Born a boy in Mongolia, Ana (not her real name) knew from an early age that she wanted to be a girl, but her choice meant years of physical and verbal abuse from family and society.
"My childhood was spent surrounded by violence and discrimination," Ana said.
Now 25 and living in the Netherlands after her bid for asylum was granted by the UNHCR in Hong Kong, she no longer fears for her life and freely lives as a woman.
Ana's successful asylum bid is one of four known cases where a transgender person has come to Hong Kong to seek safe refuge from persecution and violence.
"Everyone has the right to live and to be free, to feel safe here," she said.
Throughout her childhood, she struggled with her gender identity, until one day, when she was 20, she went out in public dressed as a woman. "It was wonderful to be seen as a woman; that was the true me," she said.
However, after a series of violent attacks which led to a local newspaper publishing photos of her as a man and as a woman, she fled to Hong Kong in 2010. She was 22 at the time.
"Hong Kong was the nearest and most safe place," Ana said.
"I had thought of going to Beijing and seeking asylum there, but there are a lot of Mongolian people studying and working there which meant it would be more difficult to keep my privacy."
Five days after she arrived in Hong Kong, Ana handed her application for asylum to the UNHCR. "Emotionally, I felt really down because I had left everything I had and was asking for refugee status which was really painful," she said. "But on the other hand, I was trying to see my transition, my new life, where I could finally live as who I want to be."
UNHCR staff warned her that the application could take years. "At first, they told me it would take a long time to assess, but luckily, after eight months, my case was approved," Ana said.
"I cried my heart out.
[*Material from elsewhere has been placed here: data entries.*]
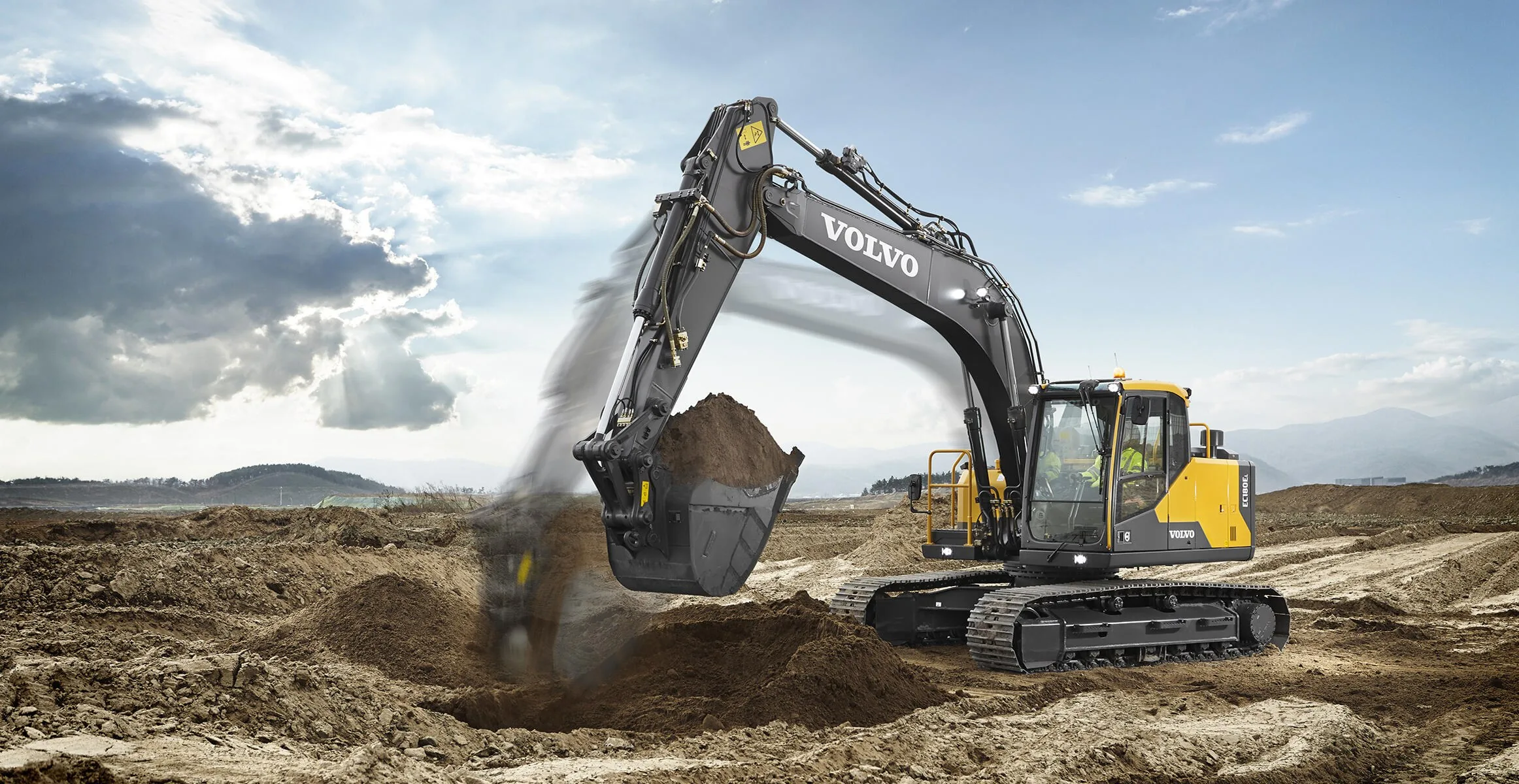 Volvo EC180E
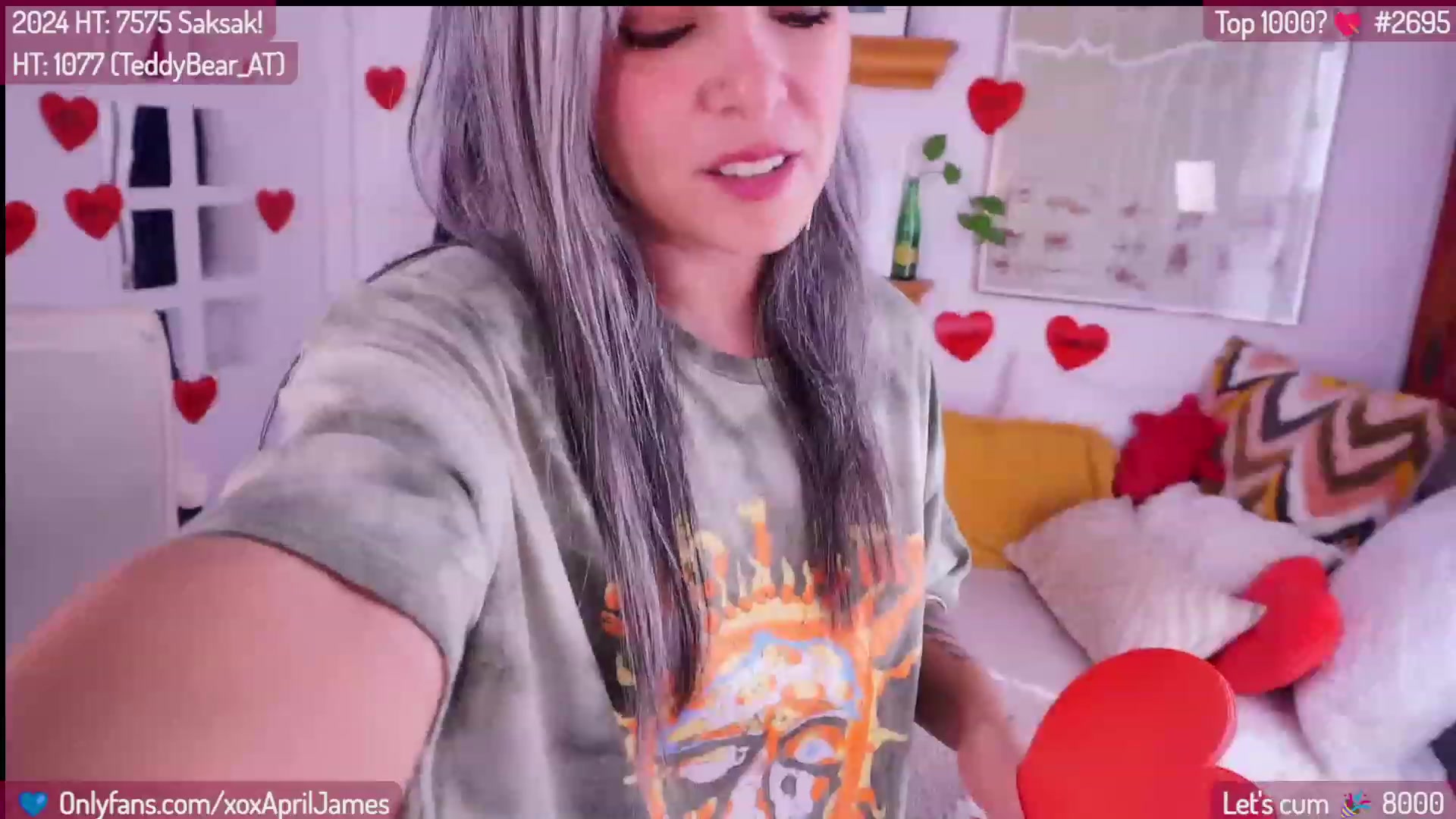 Gallery image thumbnail from AprilJames's myfreecams stream on, 02/04/2024, 21:46 image 8 of 20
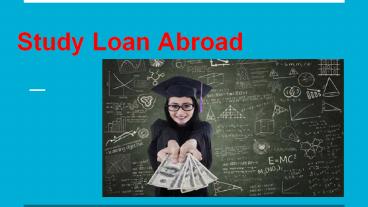 Loan Basics: Pay off your study loan early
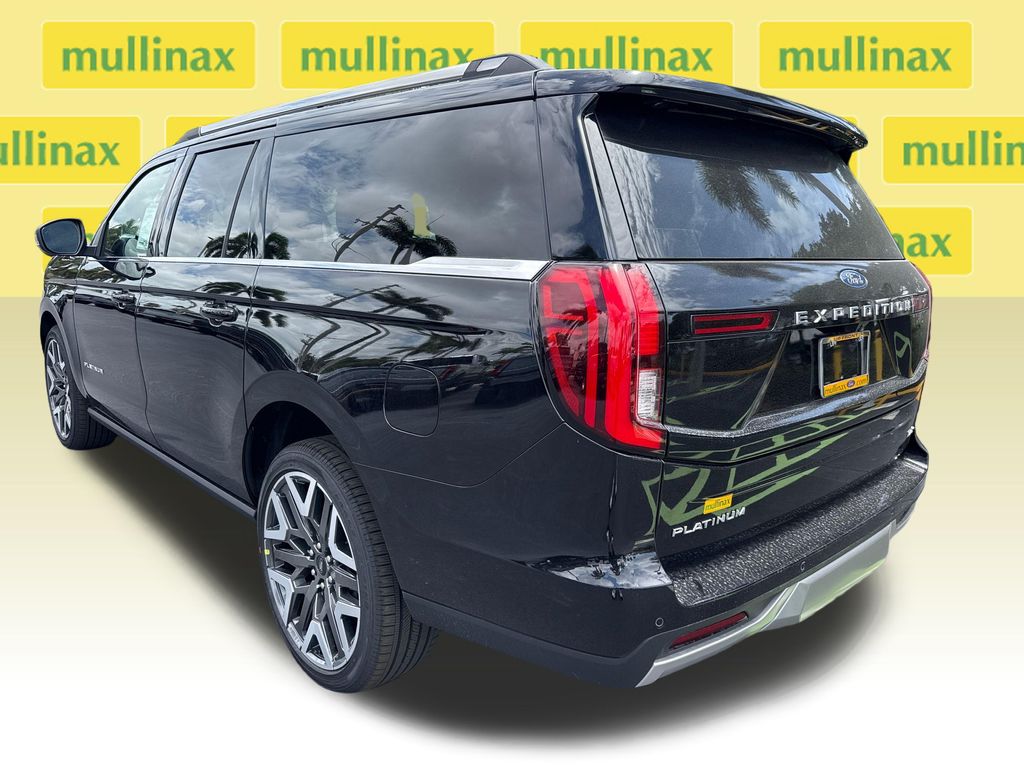 New 2026 Black Ford Platinum image 4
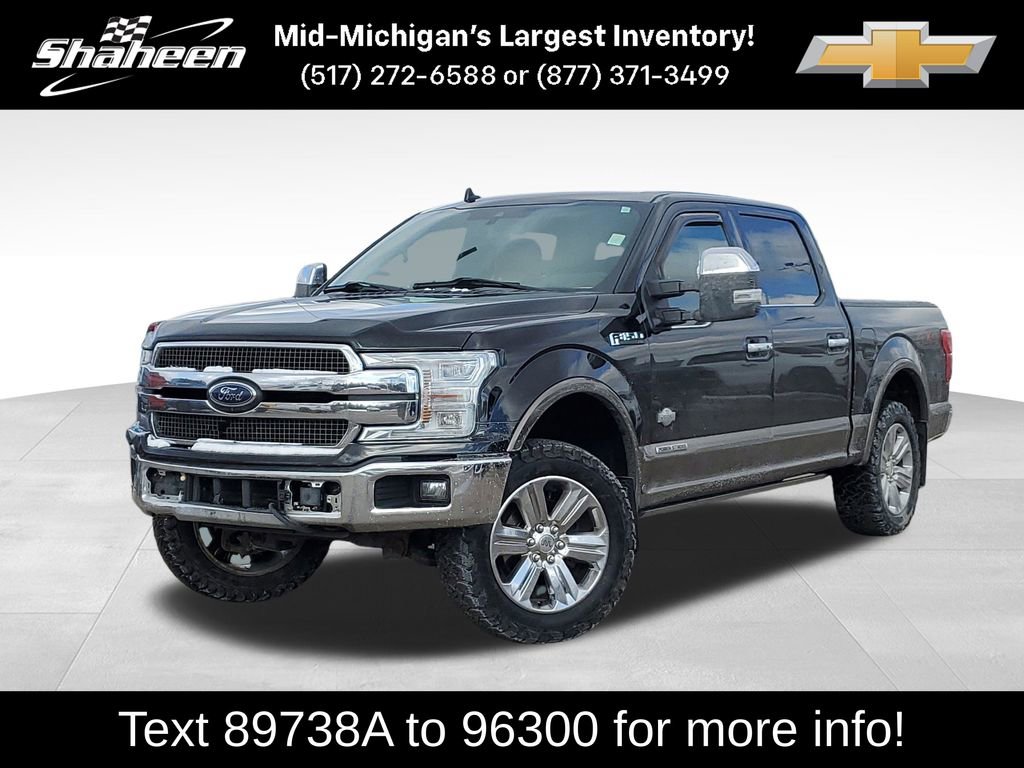 Used 2019 Ford F150 King Ranch w/ Equipment Group 601A Luxury image 1
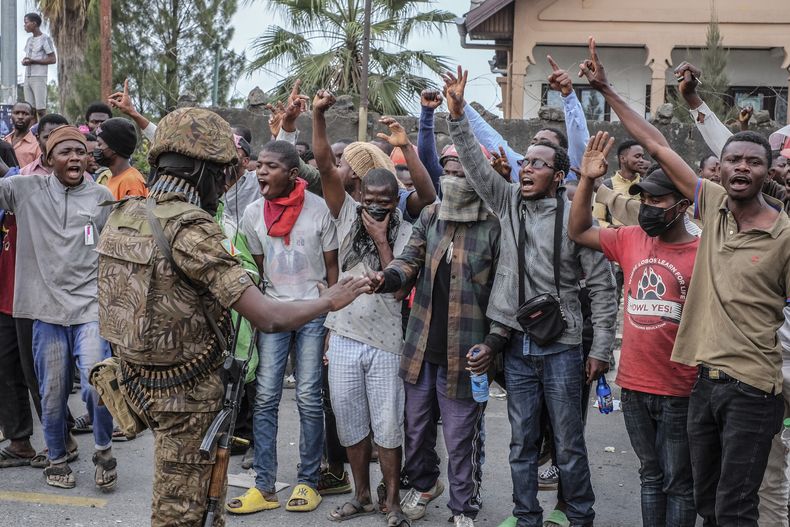 AFR-GEN CONGO-ONU-PROTESTAS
I was super happy and couldn't believe that they gave me an opportunity to go on living."
The UNHCR, which can fast track cases where sexual or gender-related violence is key to an asylum bid, sent her to the Netherlands because it would provide a safe haven for her.
"Discrimination is everywhere and even though I've had bad experiences here, too, I feel safe and I have legal rights," she said.
"If someone hurts me, I can go to the police and tell them what happened. In Mongolia, I can't go to police and complain, even if someone has tried to kill me."
She has struggled to find a job but does some part-time modelling. "They pay me a small amount of money which is really useful for my daily life, but in the modelling industry, I also face discrimination because I am transgender woman," she said.
Ana's family no longer talks to her, but she hopes this will change one day. "They need time to accept me. I have to have a lot of patience," she said.